Una stazione prima di un romanzo:

Un giallo, un thriller, un documentario, un resoconto sociologico. Difficile inquadrare un romanzo siffatto, in cui si intersecano tanti aspetti inerenti la storia. Solo su una cosa posso essere certo, ovvero che il protagonista del romanzo è “la stazione”. Si proprio la grande stazione di Milano, non Riccardo Mezzogiorno che è solo il personaggio principale. Tutto è identificato nella grande struttura comunicativa del capoluogo lombardo.

Venne Inaugurata nel 1931, i progetti di base pare fossero del 1912, poi un insieme di modifiche e stili diversi, fino a erigere in modo definitivo una “cattedrale del movimento”. La stazione diventa soggetto, anima vivente, madre naturale e matrigna implacabile. Il sogno di partire di tanti, la realtà di immobilità di molti altri. La stazione è un crocevia di disperazione ed esplosione di povertà: quella economica, mancanza di soldi e di una casa; quella fisica o mentale, data dal disagio o tossicodipendenza; infine la solitudine, la più infida delle povertà.

La vicenda si dipana, complessa, su piani di originalità molto elevati e tutto è imprevedibile nel contesto della storia. Nulla è scontato e non è facile trovare un romanzo che ti porti totalmente fuori da quello che ti aspetteresti. L’indagine c’è, ma forse somiglia a un’avventura, in cui si intersecano decine di personaggi particolari, che all’apparenza identificano stereotipi, ma assurgono a elementi di contrasto capaci di arricchire il panorama.

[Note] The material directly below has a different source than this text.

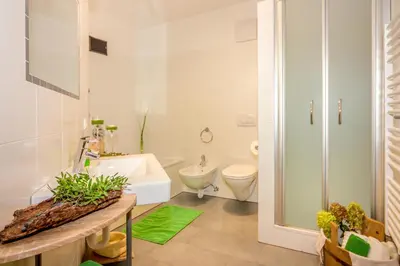 a white bathroom with a toilet and a sink at Lampenhof in Brunico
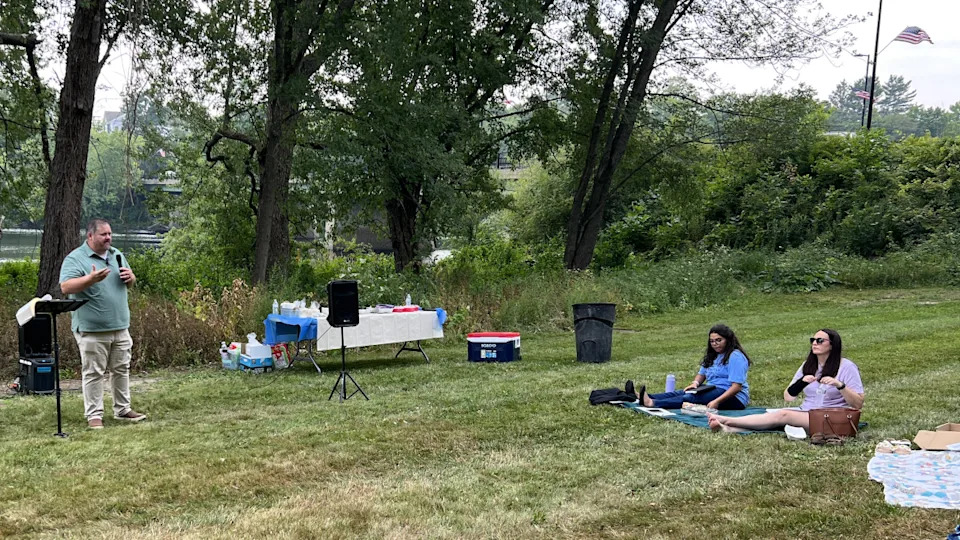 A church sermon being held in an outdoors space with people sitting in the grass.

In tutto questo troviamo il personaggio principale della storia, cioè l’ispettore Riccardo Mezzanotte. Come in tutti i gialli che si rispettino ci vuole un ispettore, con tutti i difetti dell’uomo e le difficoltà nella vita quotidiana. Poi, il suo contraltare, Laura Cordero, una studentessa universitaria con il dono di empatizzare con chi ha accanto. La madre la desiderava etoile nel mondo della danza, lei preferiva aiutare i diseredati della stazione.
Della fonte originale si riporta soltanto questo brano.